▶ Your goal
Take the entries that follow and return only the lines from the one with "Armário De Cozinha" through the final line, leaving every picture behind.

▶ Extracted data
- - - -

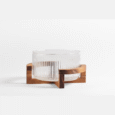 Ripple glazen saladeschaal met acacia houten houder | 24,5 cm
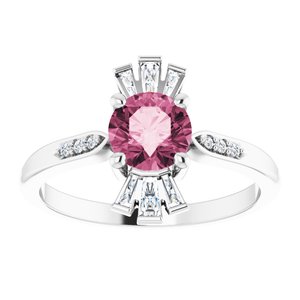 Sterling Silver Natural Pink Tourmaline & 1/6 CTW Natural Diamond Ring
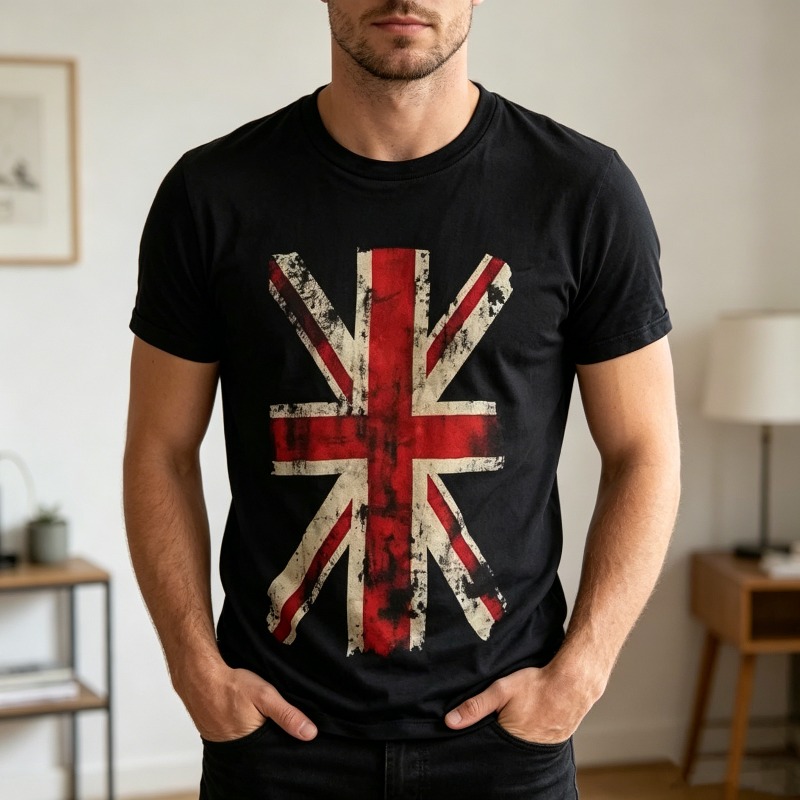 Men'S Fashion Uk - Camiseta Gráfica Union Jack Vintage com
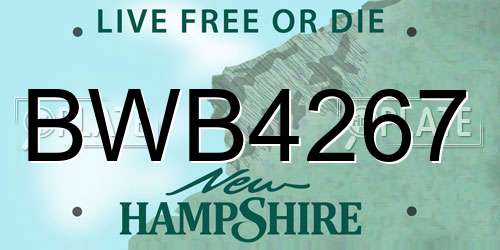 BWB4267 New Hampshire License Plate
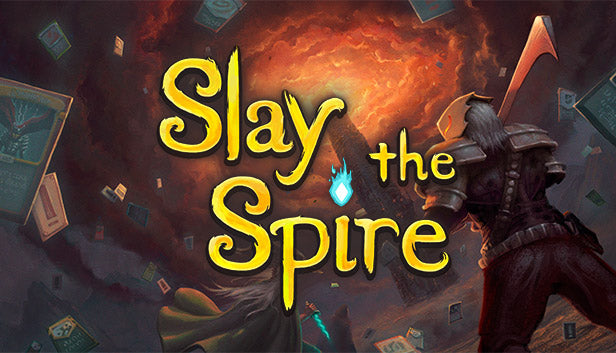 Official cover art for the roguelike deckbuilder Slay the Spire featuring a silhouette of the Ironclad character.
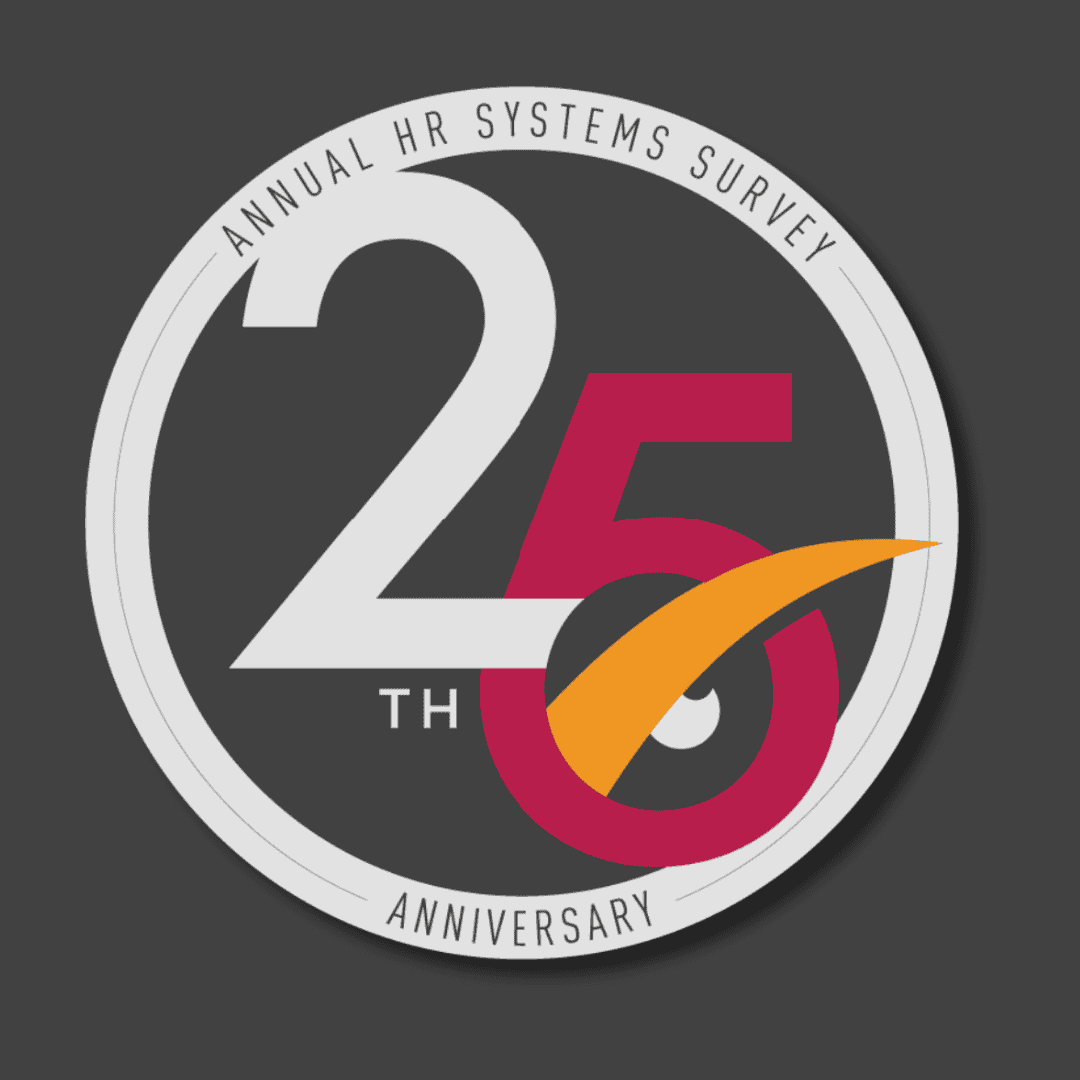 Annual HR systems survey badge celebrating 25th anniversary, featuring modern design with bold numbers, a check mark, and vibrant color accents.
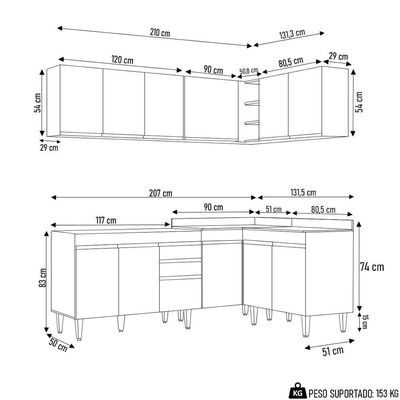 Armário De Cozinha Modulado De Canto 6 Peças Cp28 Balcão Sem Tampo Castanho/cinza - Lumil
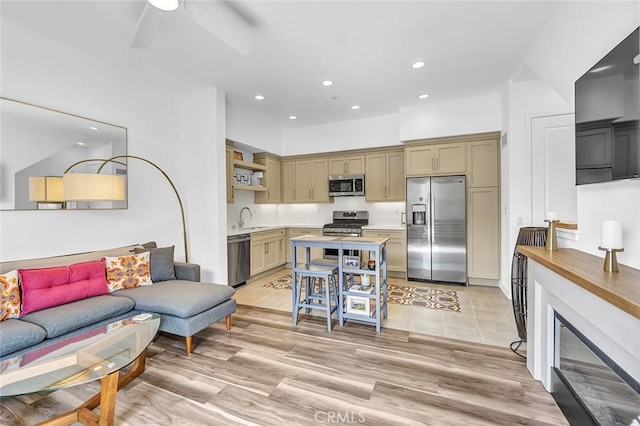 1632 Doheny Way, Dana Point, CA 92629 - living area with recessed lighting, ceiling fan, and light wood-type flooring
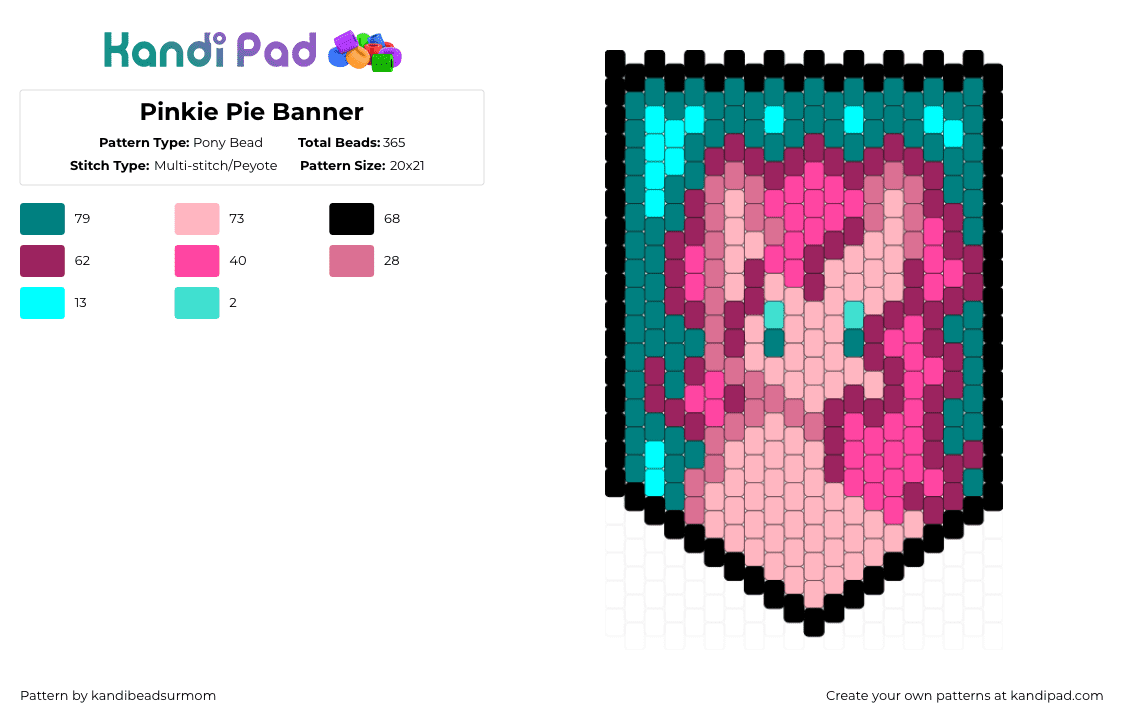 Pinkie Pie Banner - Pony Bead Pattern by staycoolmakekandi on Kandi Pad - pink,pinkiepie,pinkie pie,banner,mlp,my little pony,cartoon,art,drawing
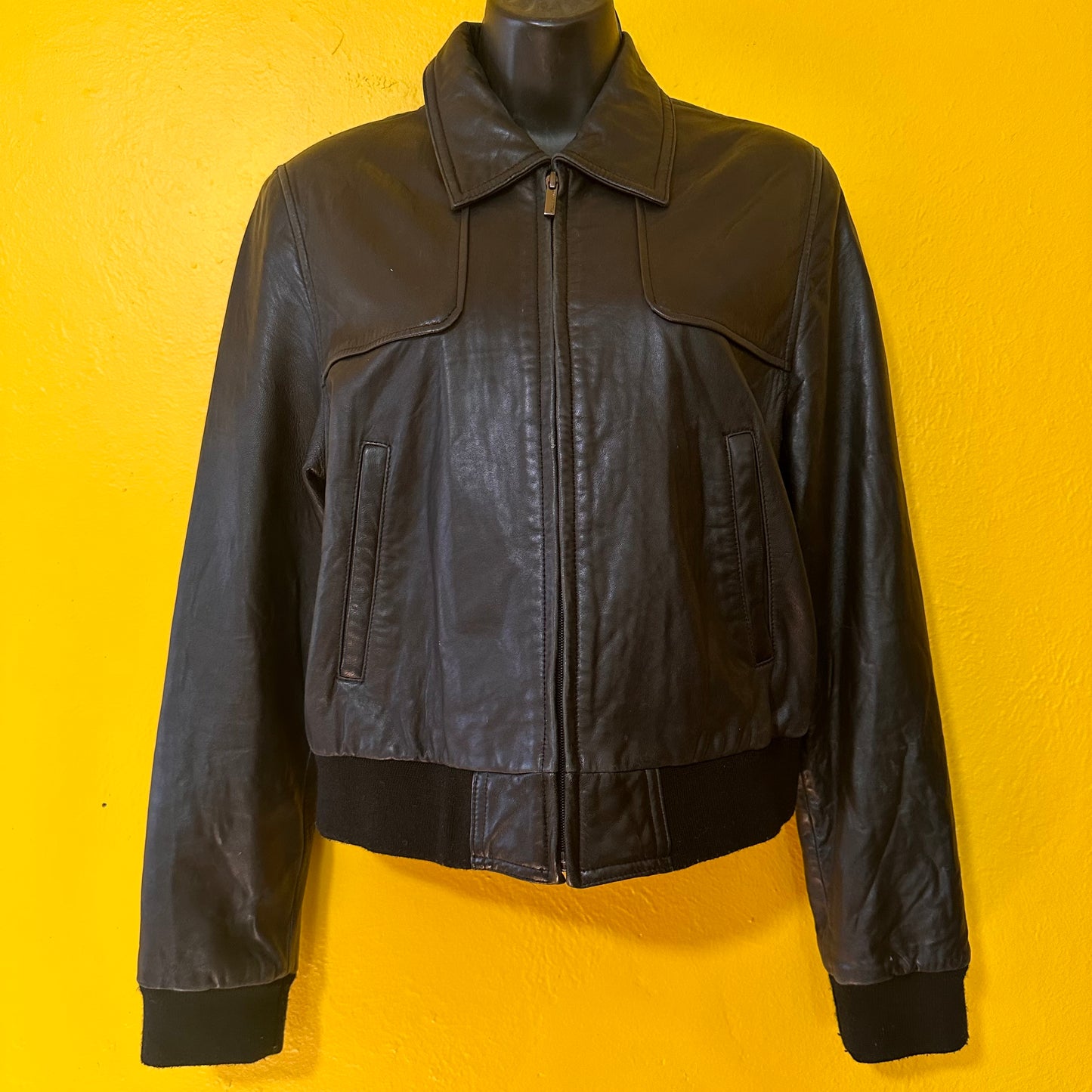 Vintage Black Lightweight Leather Bomber Wilson’s Leather Sz M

- - - -

▶ Written answer
 Armário De Cozinha Modulado De Canto 6 Peças Cp28 Balcão Sem Tampo Castanho/cinza - Lumil
 1632 Doheny Way, Dana Point, CA 92629 - living area with recessed lighting, ceiling fan, and light wood-type flooring
 Pinkie Pie Banner - Pony Bead Pattern by staycoolmakekandi on Kandi Pad - pink,pinkiepie,pinkie pie,banner,mlp,my little pony,cartoon,art,drawing
 Vintage Black Lightweight Leather Bomber Wilson’s Leather Sz M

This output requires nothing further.